Work order: Your answer must be the lines from the first record through the line that contains "Фенербахче ще остане", copied exactly and without any pictures.

Pictures with short captions:

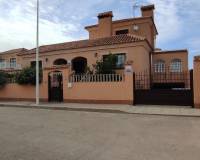 Resale - Villa - Los Alcázares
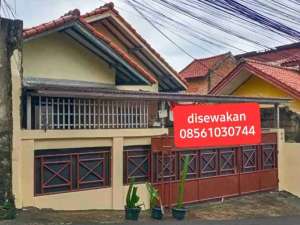 Rumah jati padang pasar minggu 4 kmr 70jtthn sgt strategis lokasi di Jakarta Selatan, tersedia melalui melalui situs Olx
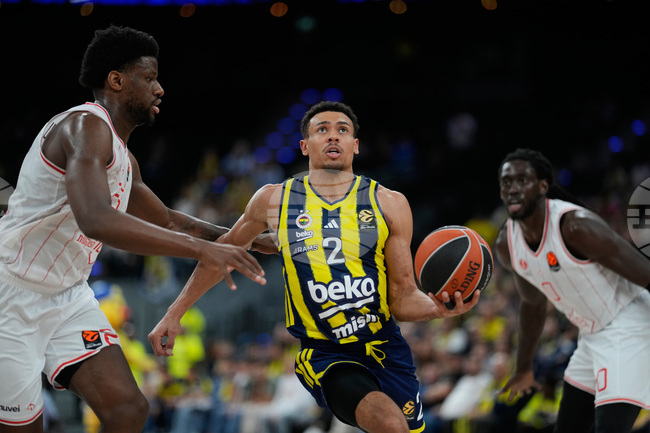 Фенербахче ще остане част от Евролигата, АСВЕЛ я напуска, твърди пресата в Гърция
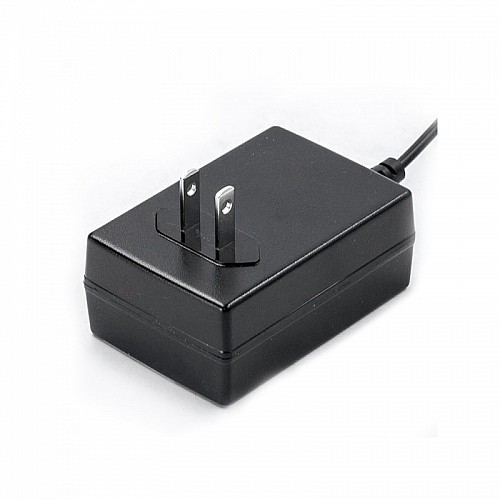 GST18U09-P1J MEANWELL 18W 9VDC 2A 115/230VAC AC-DC Niezawodny zielony zasilacz przemysłowy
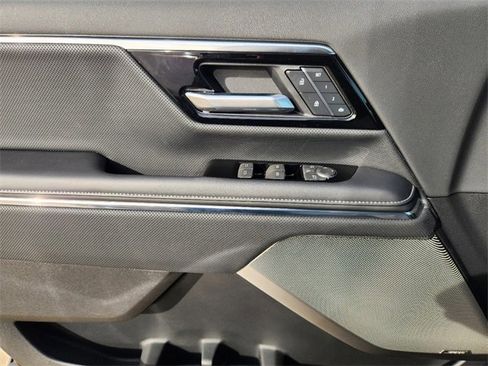 New 2025 GMC Sierra EV Denali image 20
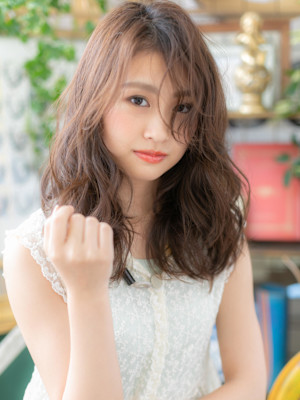 ニュアンスカラー外国人風小顔ウェーブパーマ　ヘーゼルブラウン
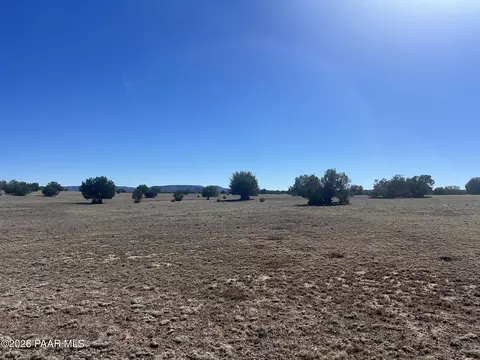 26 Nighthawk Rd, Ash Fork, AZ 86320 photo 3
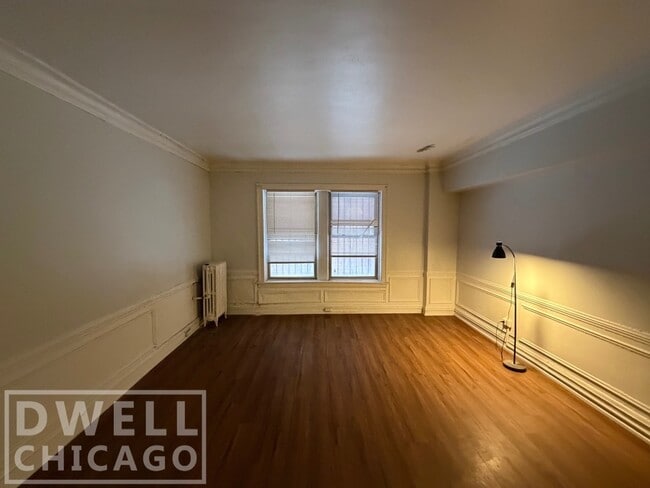 Building Photo - 2325 N Commonwealth Ave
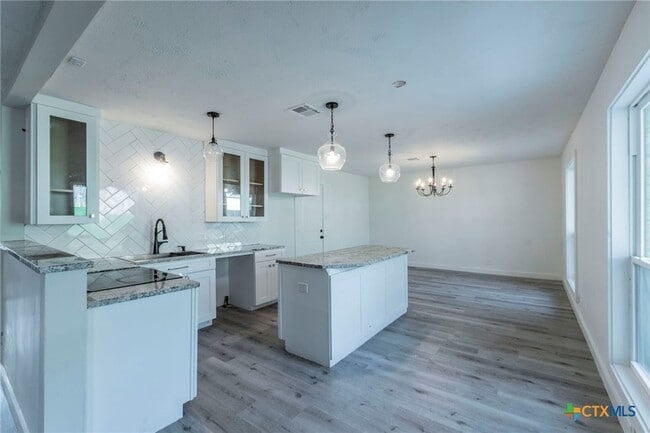 Building Photo - 4013 Valley View Dr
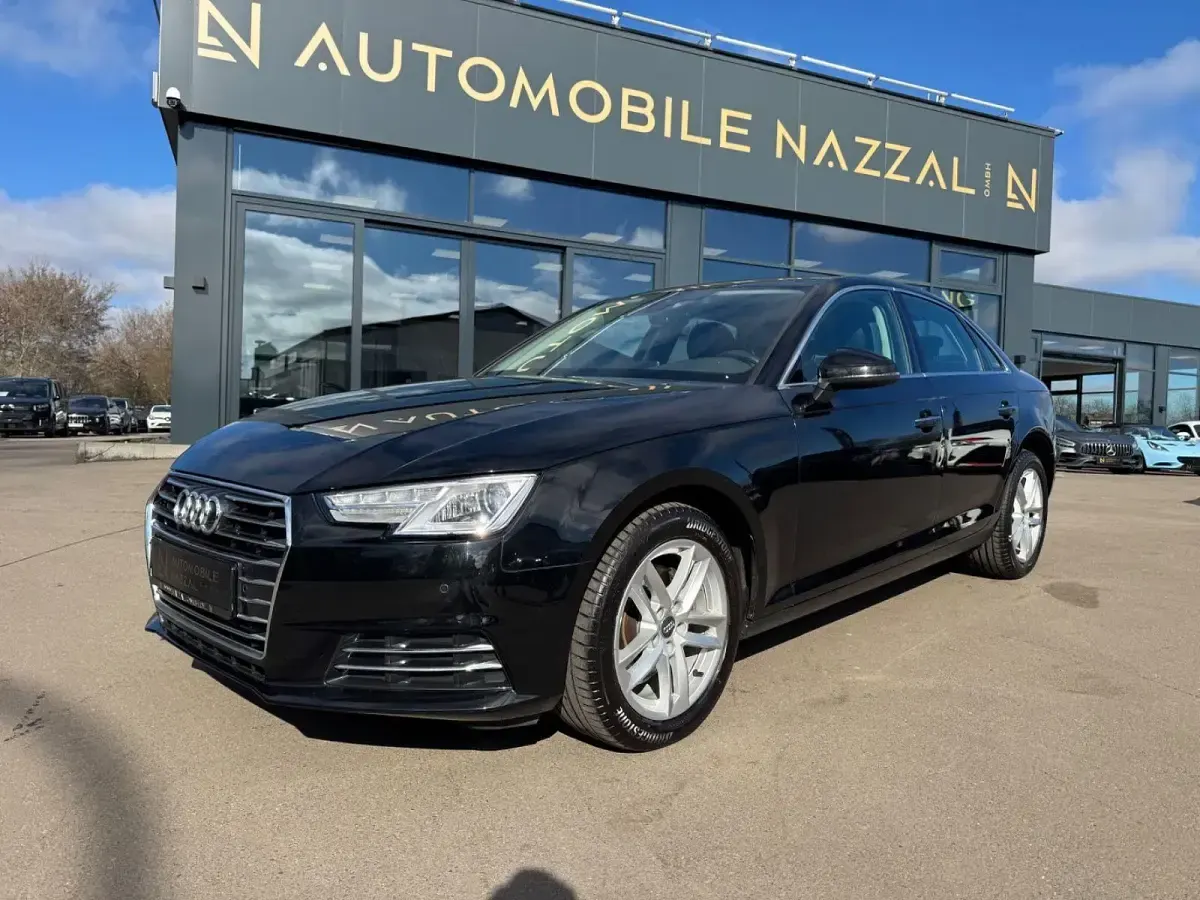 Second-hand Audi A4 Design 150 CP (110 kW) 2016 Negru Berlinǎ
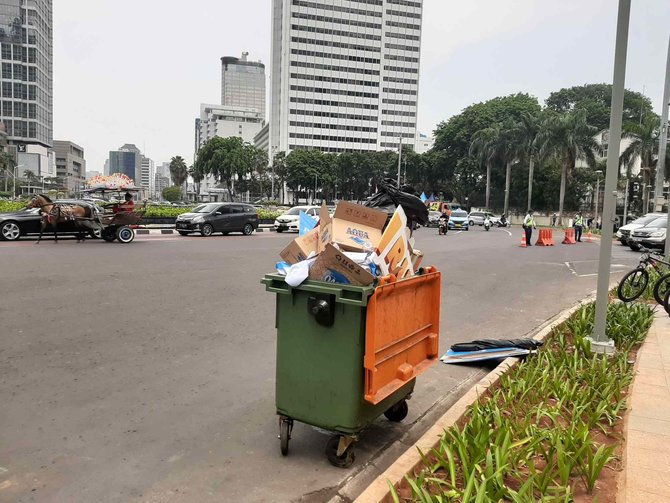 petugas kebersihan di lokasi car free day jakarta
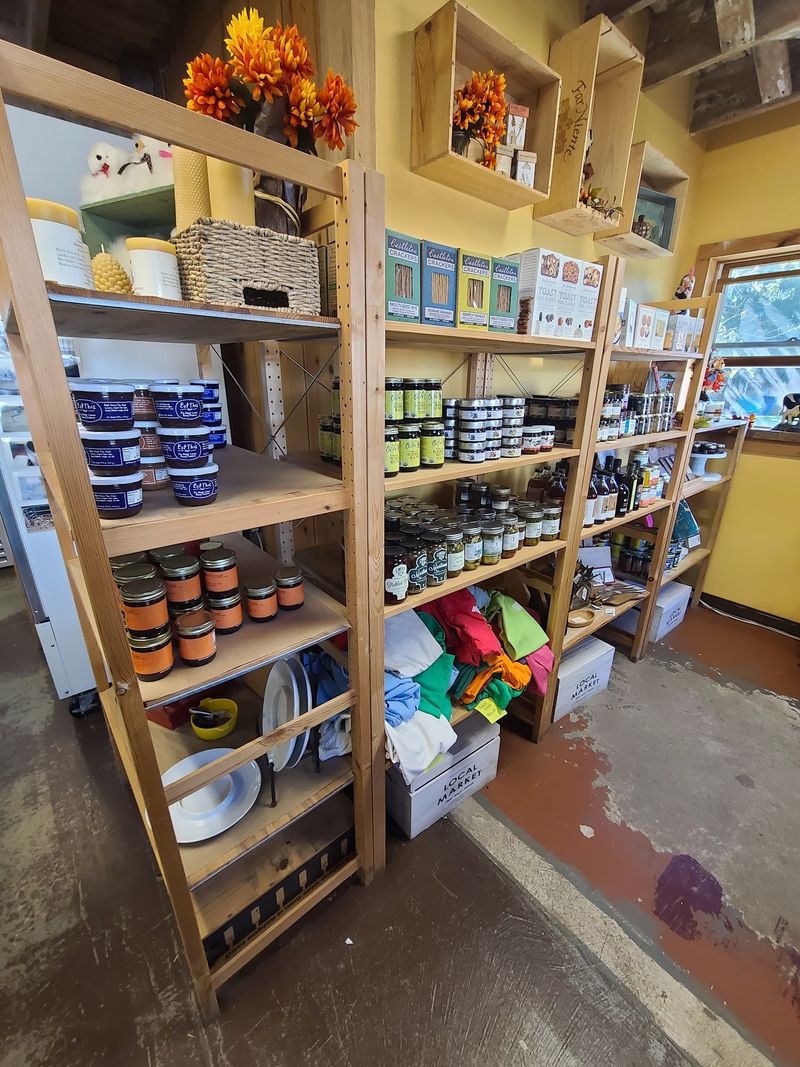 A Store Built For Local Stock-Ups A Store Built For Local Stock-Ups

Final answer:
 Resale - Villa - Los Alcázares
 Rumah jati padang pasar minggu 4 kmr 70jtthn sgt strategis lokasi di Jakarta Selatan, tersedia melalui melalui situs Olx
 Фенербахче ще остане част от Евролигата, АСВЕЛ я напуска, твърди пресата в Гърция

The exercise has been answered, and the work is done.